Details
- Qwen introduced Qwen3-LiveTranslate-Flash, a live translation engine that handles speech, text, lip-reading, and gestures at the same time.
- The system understands 18 languages and six regional dialects, and can vocalize replies in 10 languages without using the cloud.
- Its vision layer detects on-screen captions, signs, and facial cues to enhance accuracy when audio is poor or background noise is high.
- Demos show end-to-end translation in under 500 ms on a single NVIDIA L4 GPU, an improvement over the previous 700 ms with Qwen2.
- The SDK will be available for Android, iOS, and WebRTC in October 2025, with an enterprise on-premises appliance coming in early 2026 including privacy controls.

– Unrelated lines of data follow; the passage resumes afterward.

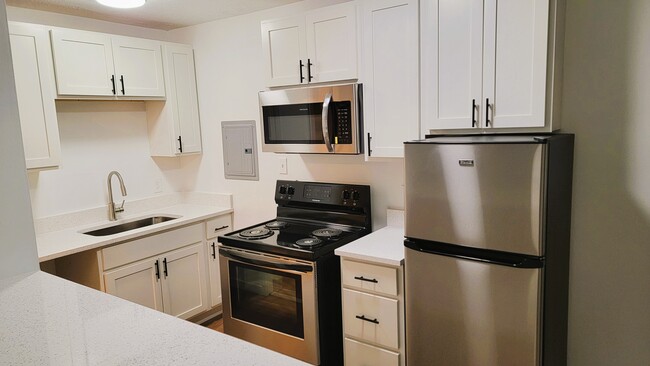 Kitchen-studio - Skyview Terrace (now offering in-unit wash...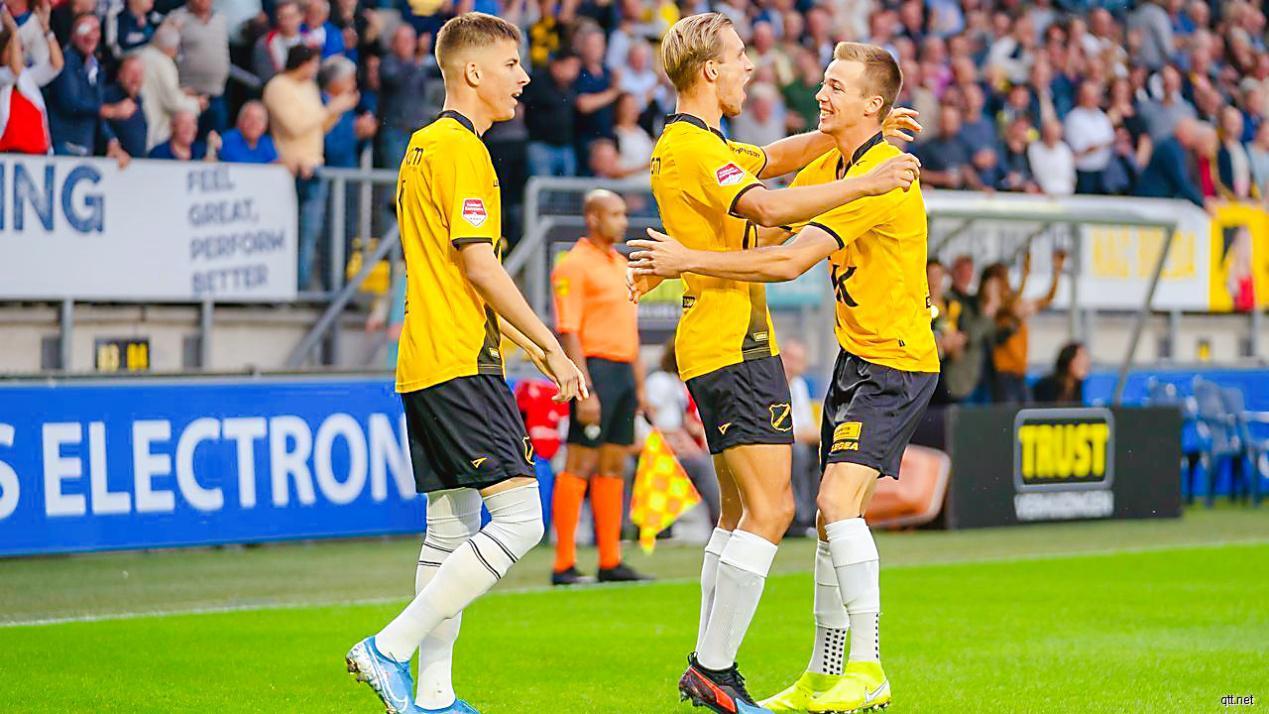 米兰体育官网-关于巴恩斯利中场积极反击，客场轻松取胜的信息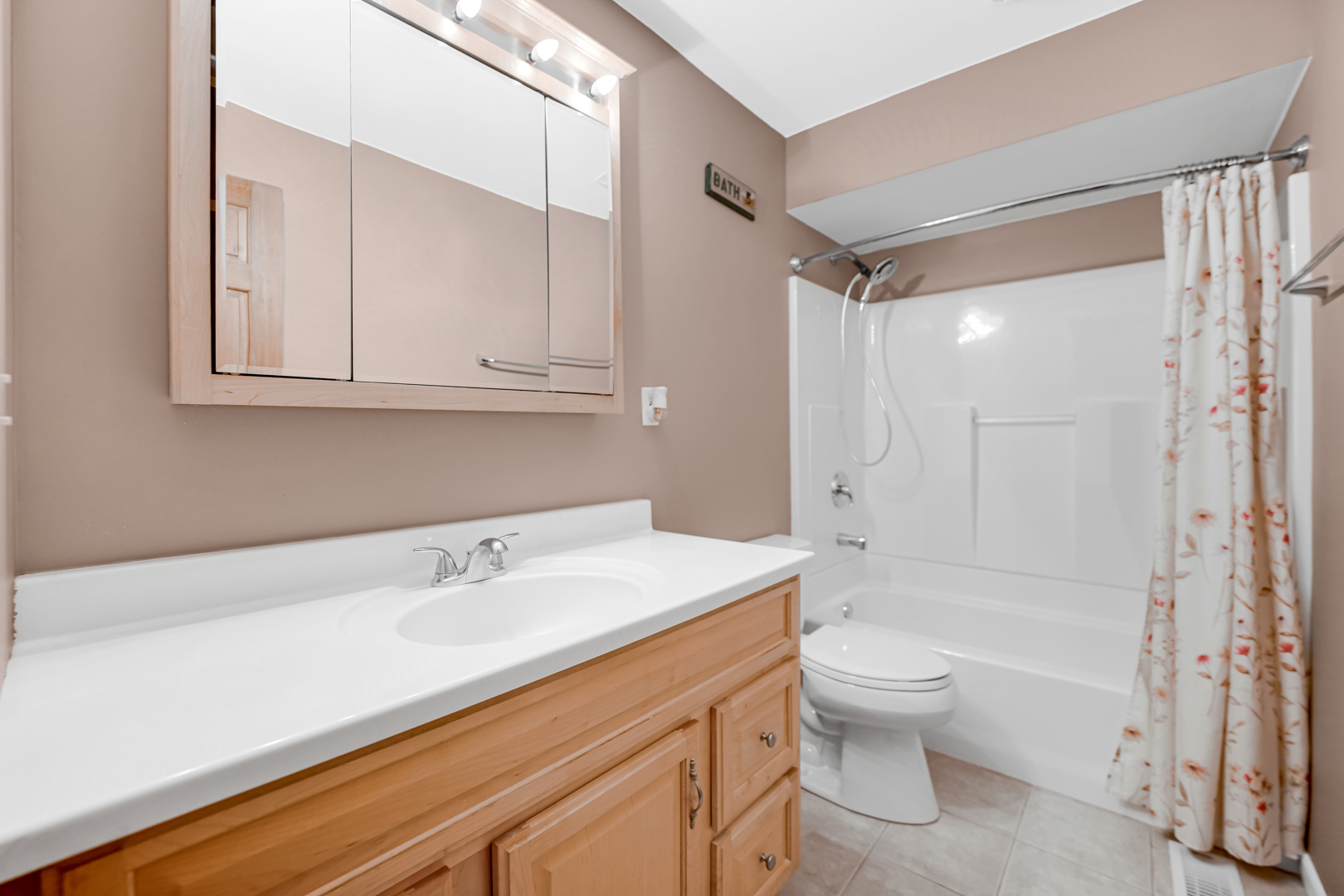 2713 Forest Glen Parkway, Woodridge, IL 60517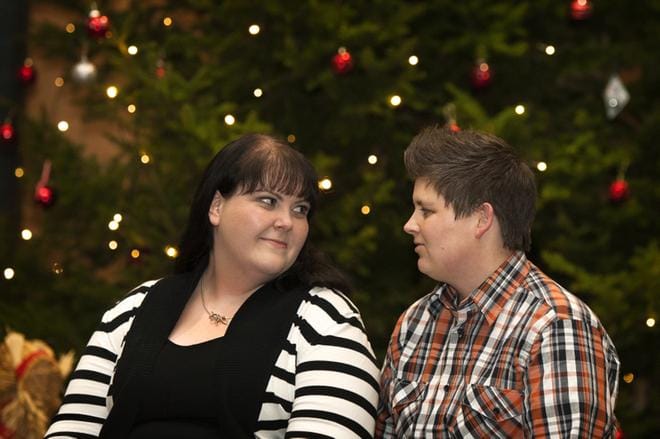 Mervi ja Anu Foxell riemuitsivat tasa-arvoisen avioliittolain hyväksymistä reilut kaksi vuotta sitten. Nyt keskiviikkona 1.3.2017 laki on voimassa. Kuva: Maria Mäki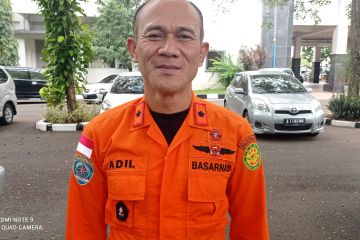 Tim SAR Banten mencari seorang warga jatuh ke Sungai Ciujung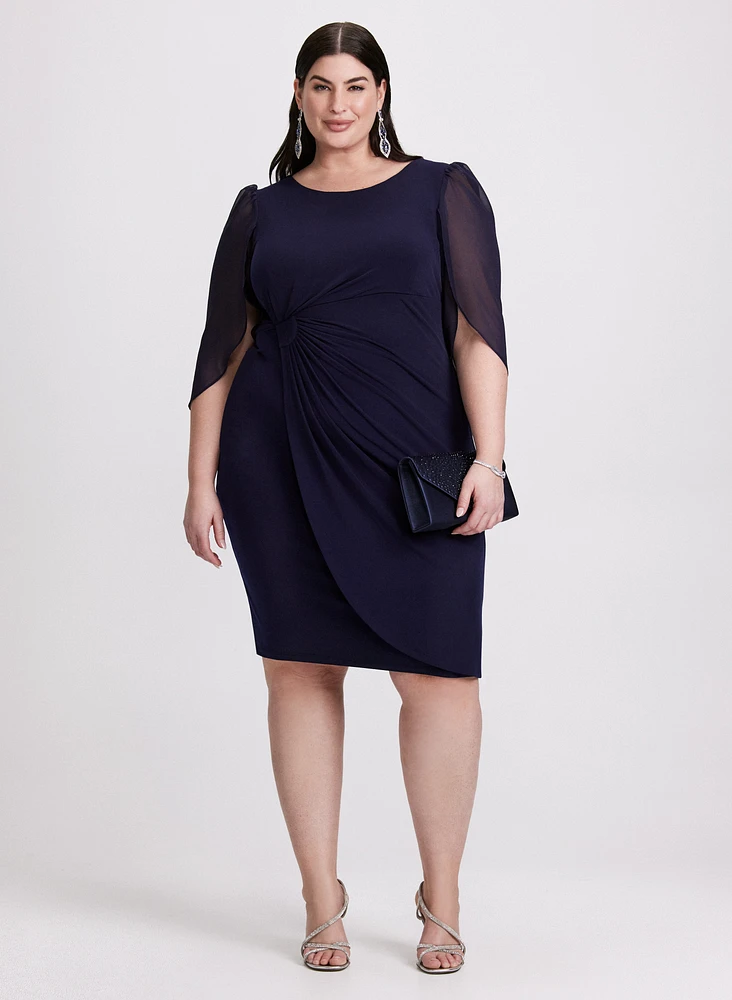 Robe drapée à manches transparentes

- Pricing is set at US$0.002 per translated word for cloud users, with discounts for volumes above 5 million words per month.
- A "Flash" mode can lower video frame rates to 12 fps, reducing compute expenses by 30 percent compared to the top-tier Qwen3-LiveTranslate-Pro.
- Beta testers include Alibaba’s DingTalk for multilingual conferences and China Eastern Airlines for spoken in-flight messages.
Impact
This rollout intensifies the race with Google Interpreter Mode and Meta’s SeamlessM4T, as neither currently features integrated lip-reading. With latency now below half a second, Qwen's solution could unlock real-time translation in new arenas like esports and legal transcription. Compliance-ready on-premise hardware and aggressive pricing position Qwen as a formidable challenger to Microsoft Azure Speech in the enterprise segment.